Valuation & Expected Returns
Coca-Cola expects adjusted earnings-per-share flat to down 2% from last year’s $1.91 per share. Assuming Coca-Cola keeps earnings steady at $1.91 per share, the stock trades for a price-to-earnings ratio of 24.
This is a premium of approximately 26% from Coca-Cola’s average price-to-earnings ratio of 19, over the past 10 years.
Source: Value Line
In fact, Coca-Cola’s valuation has not been this high since 2001-2002, which was soon followed by a prolonged period of significant multiple contraction.
This seems to indicate Coca-Cola stock is fairly valued, and perhaps slightly overvalued, given the company’s low-single digit earnings growth rate in recent years.
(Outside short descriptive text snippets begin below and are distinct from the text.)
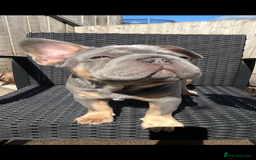 French Bulldog dogs for sale: Beautiful French bulls  - Image 7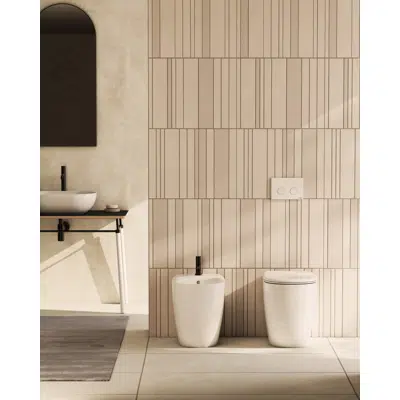 Image for Daily Floor-mounted Bidet DN009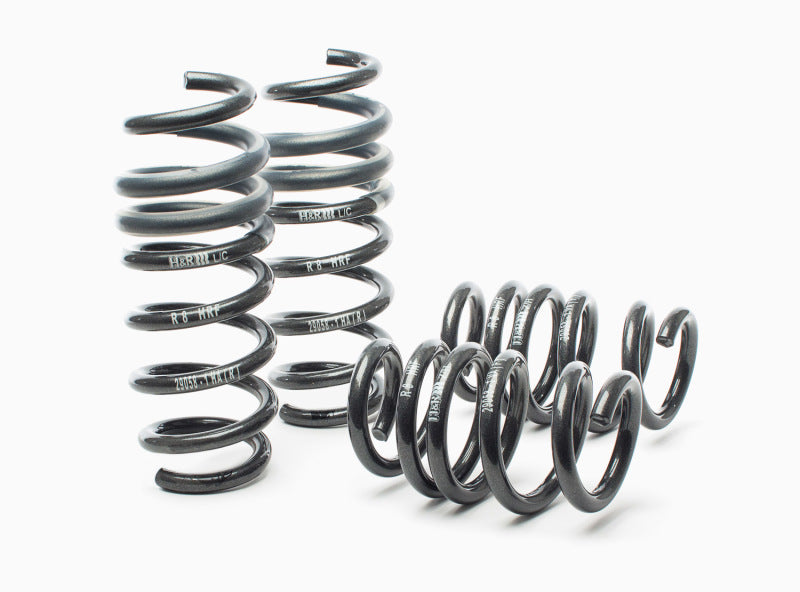 H&amp;R 08-15 Audi R8/R8 Cabrio V8/V10 Sport Spring - 29058-1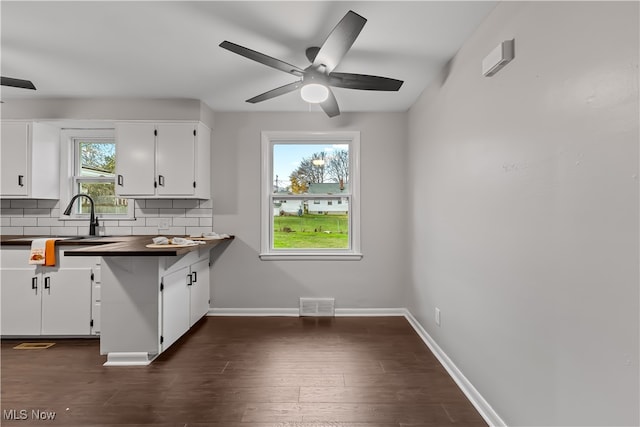 kitchen with white cabinets, a healthy amount of sunlight, and backsplash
If Coca-Cola’s valuation multiple remains flat, the company can still produce positive returns for shareholders, through earnings growth and dividends.
A forecast of potential returns is as follows:
- 1%-3% organic revenue growth
- 0.5% margin expansion
- 2% share repurchases
- 3.3% dividend yield
Even with organic revenue growth stuck in the low-single digits, Coca-Cola could still generate returns of approximately 6%-9% per year, including dividends.
The dividend is secure, with room for modest growth. Coca-Cola has a current annual payout of $1.48 per share, which represents a payout ratio of 77% based on expected earnings-per-share for 2017.
Coca-Cola has made great strides repositioning its portfolio to meet changing consumer tastes. It has built a large portfolio of juices and teas, to cater to a more health-conscious consumer.
There is more work to be done, to diversify away from sodas. Momentum has slowed recently, but the company is still growing earnings and dividends each year.
Coca-Cola is one of 350 dividend-paying stocks in the consumer staples sector. You can see the full list of all 350 consumer staples dividend stocks here.
While the stock is not significantly undervalued, it is still a worthwhile holding for dividend growth.